CamShift Dataset

Abstract

Autonomous vehicles often have varying camera sensor setups, which is inevitable due to restricted placement options for different vehicle types. Training a perception model on one particular setup and evaluating it on a new, different sensor setup reveals the so-called cross-sensor domain gap, typically leading to a degradation in accuracy. In this paper, we investigate the impact of the cross-sensor domain gap on state-of-the-art 3D object detectors. To this end, we introduce CamShift, a dataset inspired by nuScenes and created in CARLA to specifically simulate the domain gap between subcompact vehicles and sport utility vehicles (SUVs). Using CamShift, we demonstrate significant cross-sensor performance degradation, identify robustness dependencies on model architecture, and propose a data-driven solution to mitigate the effect. On the one hand, we show that model architectures based on a dense Bird’s Eye View (BEV) representation with backward projection, such as BEVFormer, are the most robust against varying sensor configurations. On the other hand, we propose a novel data-driven sensor adaptation pipeline based on neural rendering, which can transform entire datasets to match different camera sensor setups. Applying this approach improves performance across all investigated 3D object detectors, mitigating the cross-sensor domain gap by a large margin and reducing the need for new data collection by enabling efficient data reusability across vehicles with different sensor setups.

Sensor Adaptation Benchmark

To systematically evaluate the effectiveness of our neural sensor adaptation pipeline, we introduce a comprehensive sensor adaptation benchmark. This benchmark is designed to quantify the cross-sensor domain gap and assess the performance of 3D object detectors when models are transferred between different vehicle sensor configurations.

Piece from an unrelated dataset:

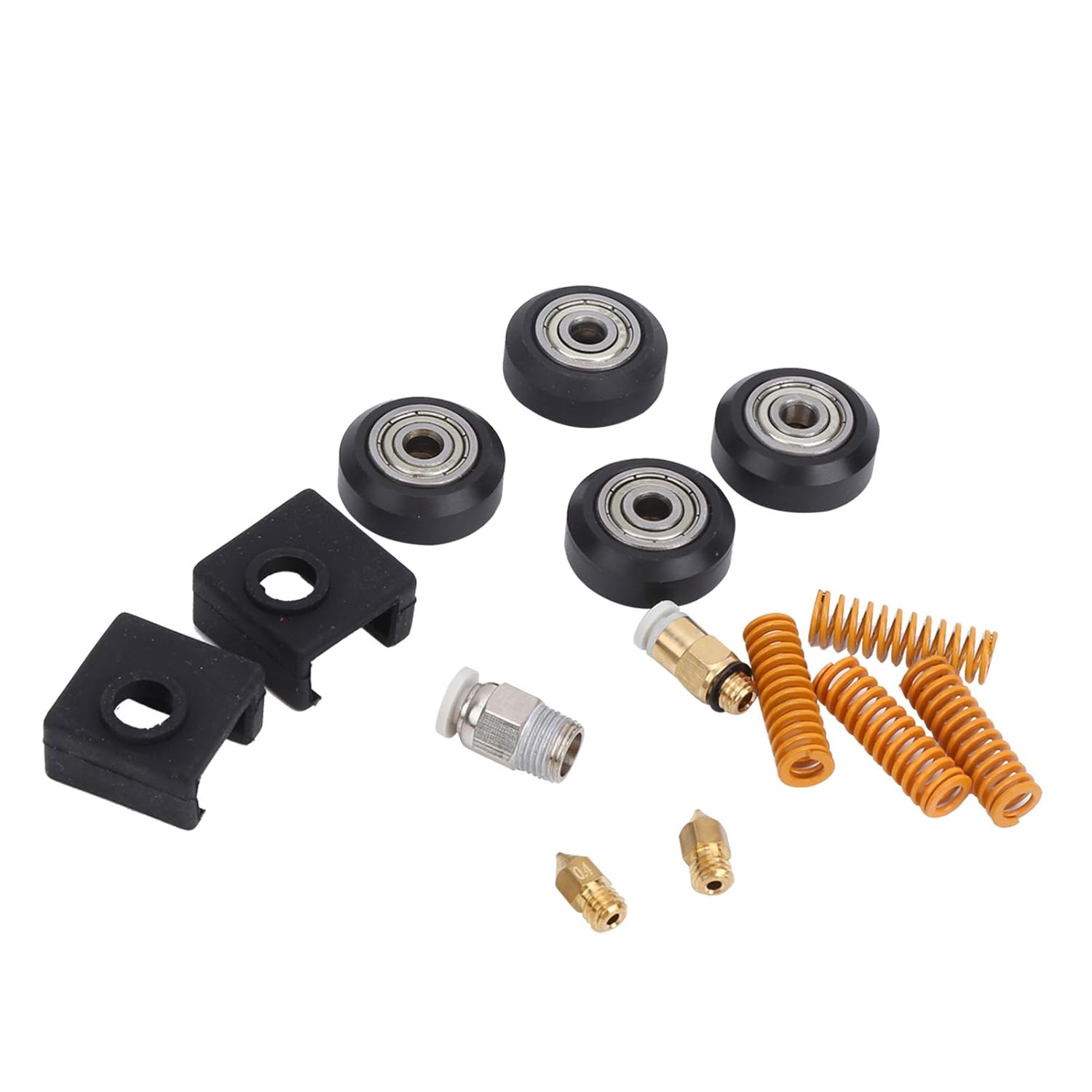 review 3D Printer Accessories, Upgrade Wheel Spring Pneumatic Connector Socket Set Tool, fit for Ender 3 / Ender 3 Pro Upgrade Spare Parts Accessories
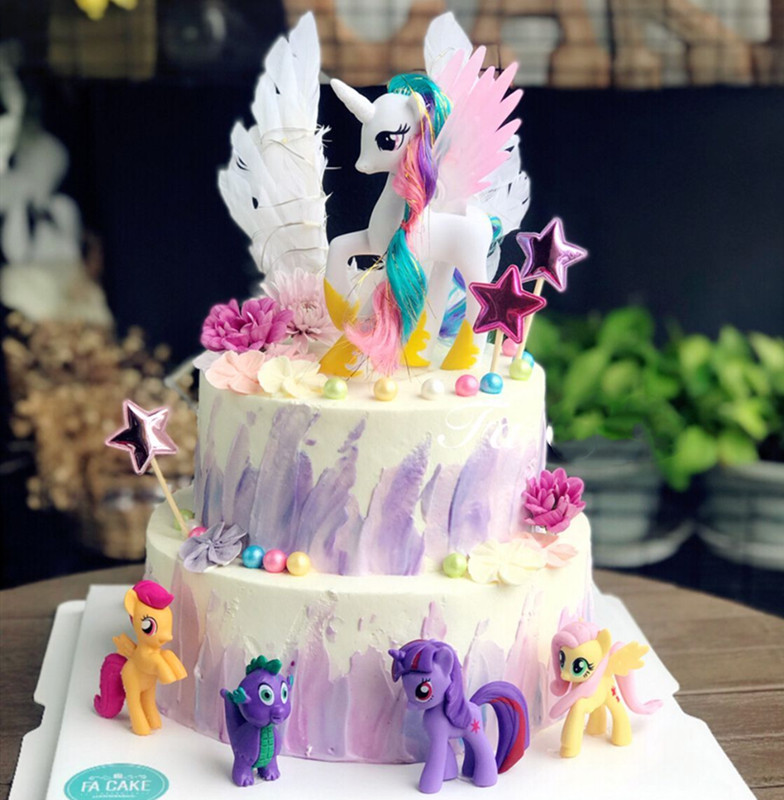 Fluttershy cake topper (My Little Pony) - Decorated Cake - CakesDecor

By providing standardized evaluation protocols and datasets, our benchmark enables fair and reproducible comparisons of adaptation strategies across a variety of real and synthetic sensor setups.

Training	Validation Split
Training	sim-SUV [a]	sim-SUB [b]
sim-SUV [A]	SUV baseline	cross-sensor domain gap
sim-SUB [B]	cross-sensor domain gap	SUB baseline
nerf-SUV [C]	neural rendering domain gap	n/a
nerf-SUB [D]	n/a	neural sensor adaptation

Qualitative Results

The following images demonstrate how our neural sensor adaptation pipeline mitigates the cross-sensor domain gap, using StreamPETR as an example.

Consider the scenario where training data has been collected for the SUV carline (sim-SUV). We then wish to deploy StreamPETR on a new carline, specifically a subcompact vehicle (sim-SUB).

Red: StreamPETR trained on sim-SUV. Naively deploying StreamPETR to a new carline results in a cross-sensor domain gap, where object detections are significantly misaligned with the ground truth.
Green: StreamPETR trained on nerf-SUB. Our neural sensor adaptation pipeline transforms the entire sim-SUV dataset to match the viewpoints of the new carline, resulting in a synthetic dataset (nerf-SUB). Using this synthetic data, we can retrain StreamPETR and substantially improve object detection performance on the subcompact vehicle.

StreamPETR deployed on sim-SUB. Red: Trained on sim-SUV, Green: Trained on nerf-SUB.

Quantitative Results

Comparison of 3D object detection performance across different training and adaptation strategies.

Exp.	Training	Validation	mAP ↑ [%]
Exp.	Training	Validation	DETR3D	StreamPETR	BEVDet	BEVFormer
Bb	sim-SUB	sim-SUB	46.1	52.7	41.9	61.1
Ab	sim-SUV	sim-SUB	29.7 (−16.4)	17.3 (−35.4)	29.4 (−12.5)	50.8 (−10.3)
Db	nerf-SUB	sim-SUB	43.1 (+13.4)	44.8 (+27.5)	29.5 (+0.1)	52.1 (+1.3)